## TASK OBJECTIVE
Look below for the line containing "LOT OF 2 60312402 FITTING, CENTRAL LUBE NSMP". Write out that line and the rest through the last one, exactly as they appear, but without pictures.
───── DATA LISTING ─────
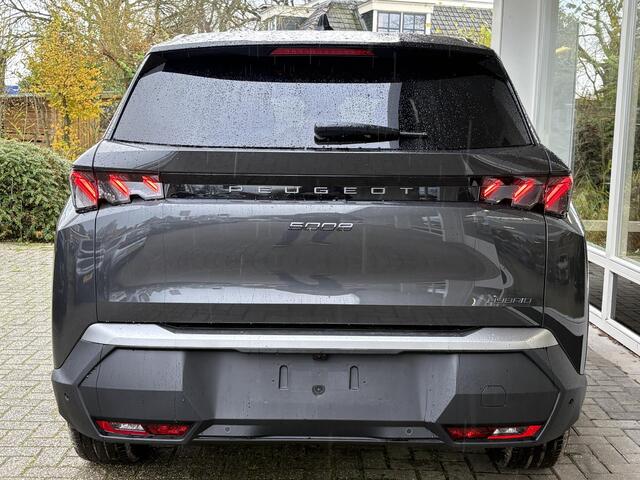 Peugeot 5008 1.2 Hybrid 145 GT | Elektr. achterklep | Stoel- & stuurverwarming | 7 Persoons | Adaptieve Cruise Control | Navigatie | Achteruitrijcamera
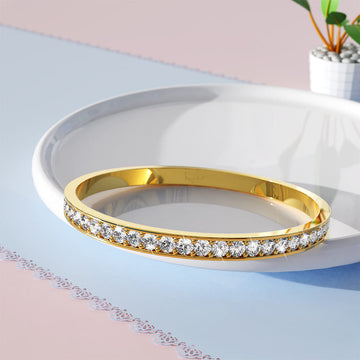 360 Classic Bangle Embellished with Swarovski® crystals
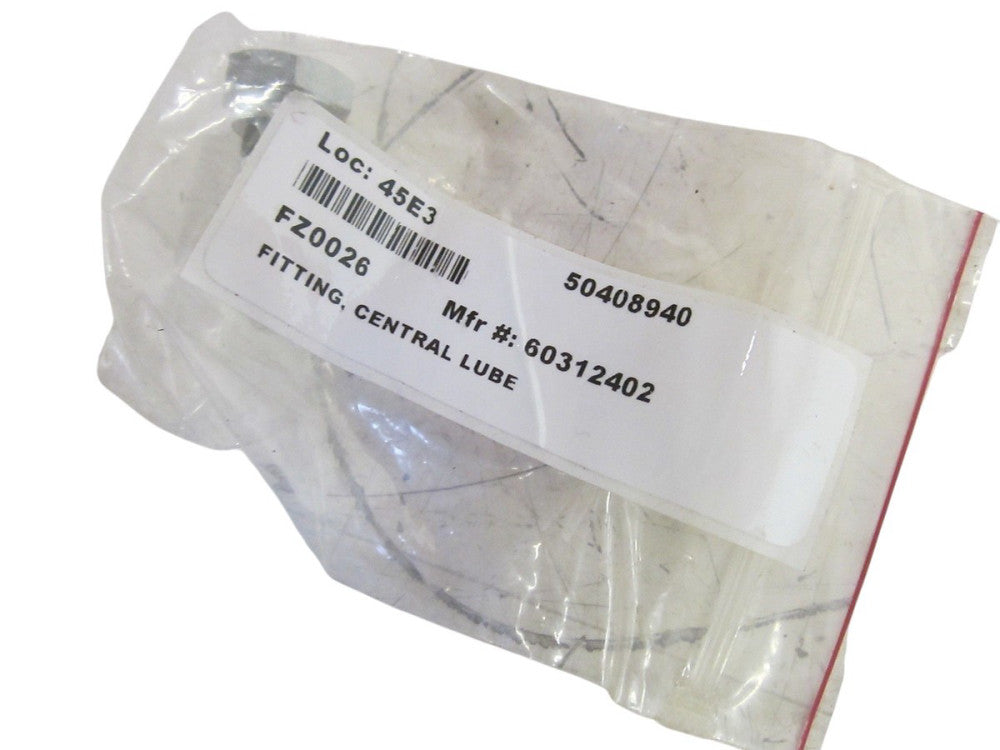 LOT OF 2 60312402 FITTING, CENTRAL LUBE NSMP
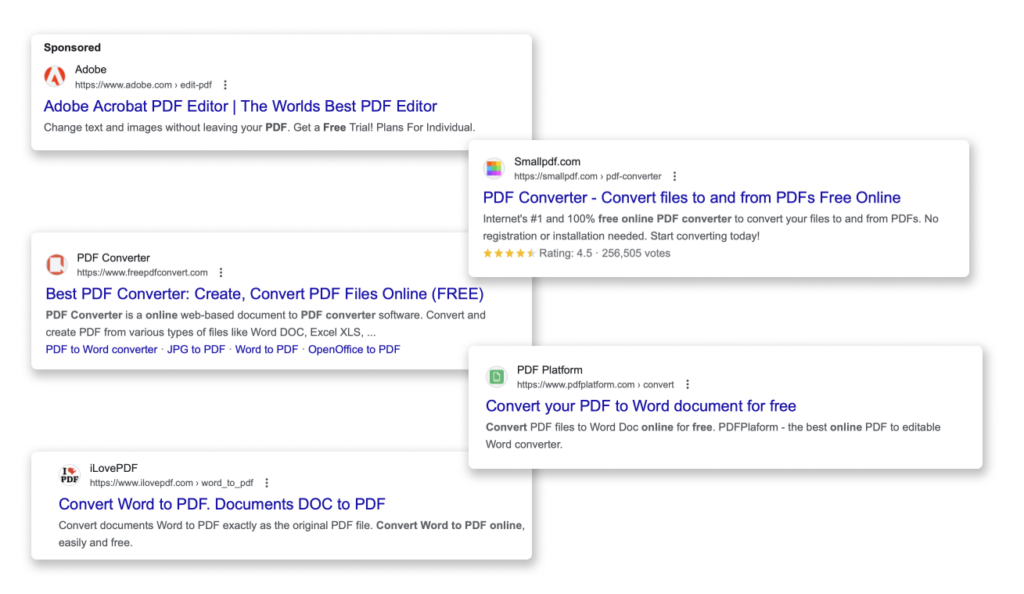 online pdf conversion options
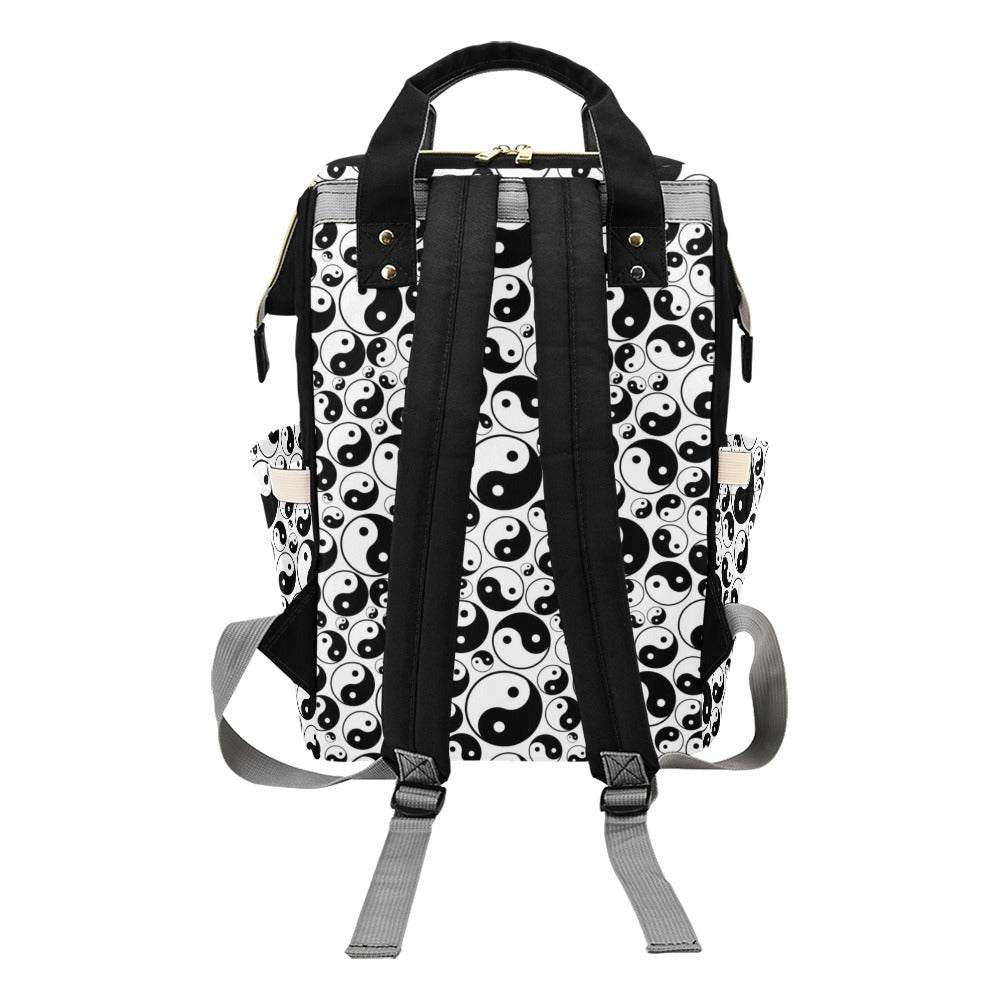 Yin Yang Print Design LKS302 Diaper Bag Backpack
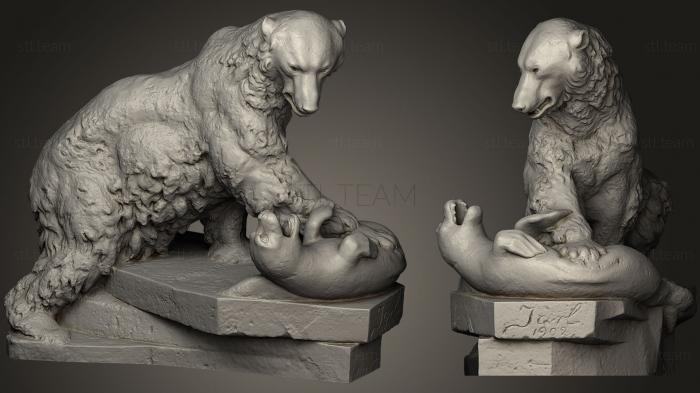 Статуэтки животных Скульптура белого медведя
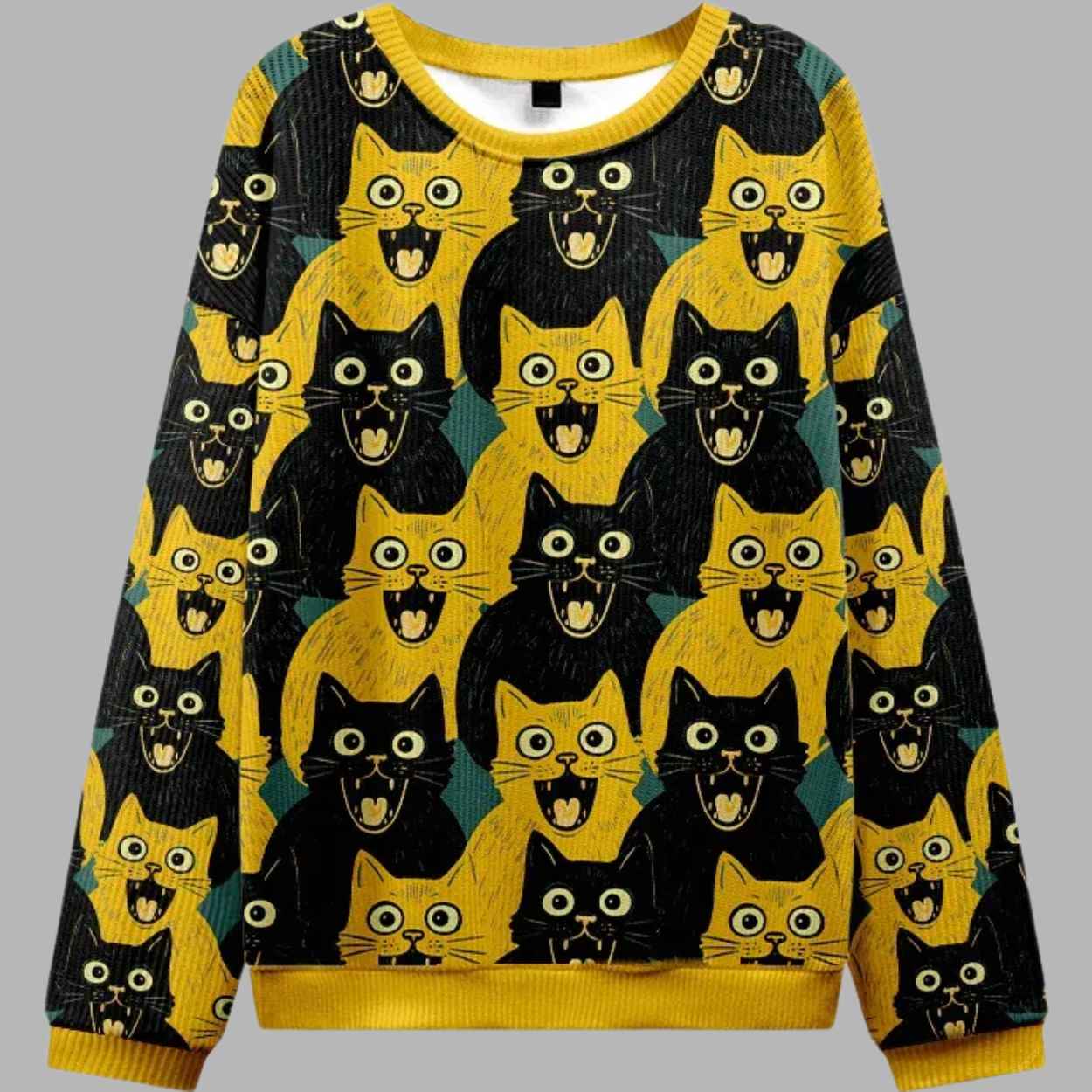 Yellow Cat And Black Cat Christmas Ugly Sweater 2 Yellow Cat And Black Cat Christmas Ugly Sweater 2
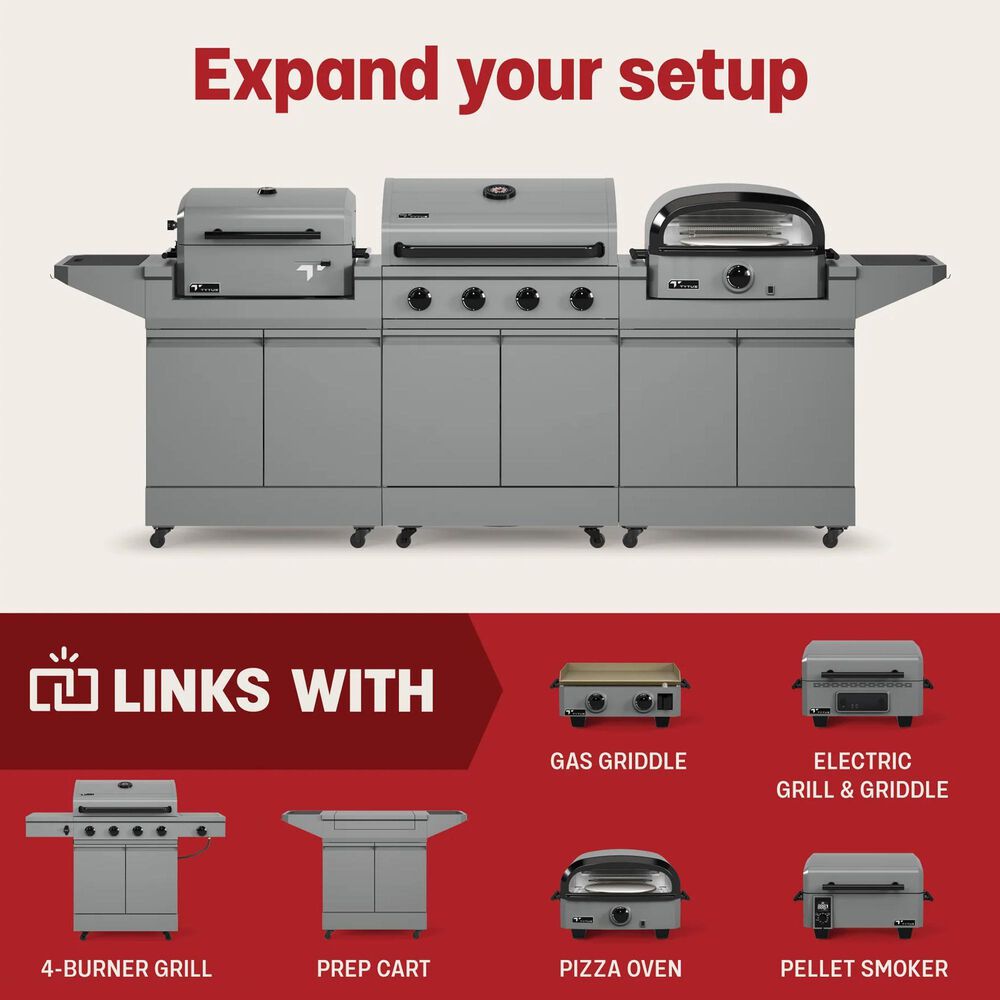 TYTUS Emberwood Portable Charcoal Grill in Gunmetal Gray, , large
─────
## TASK ANSWER
 LOT OF 2 60312402 FITTING, CENTRAL LUBE NSMP
 online pdf conversion options
 Yin Yang Print Design LKS302 Diaper Bag Backpack
 Статуэтки животных Скульптура белого медведя
 Yellow Cat And Black Cat Christmas Ugly Sweater 2 Yellow Cat And Black Cat Christmas Ugly Sweater 2
 TYTUS Emberwood Portable Charcoal Grill in Gunmetal Gray, , large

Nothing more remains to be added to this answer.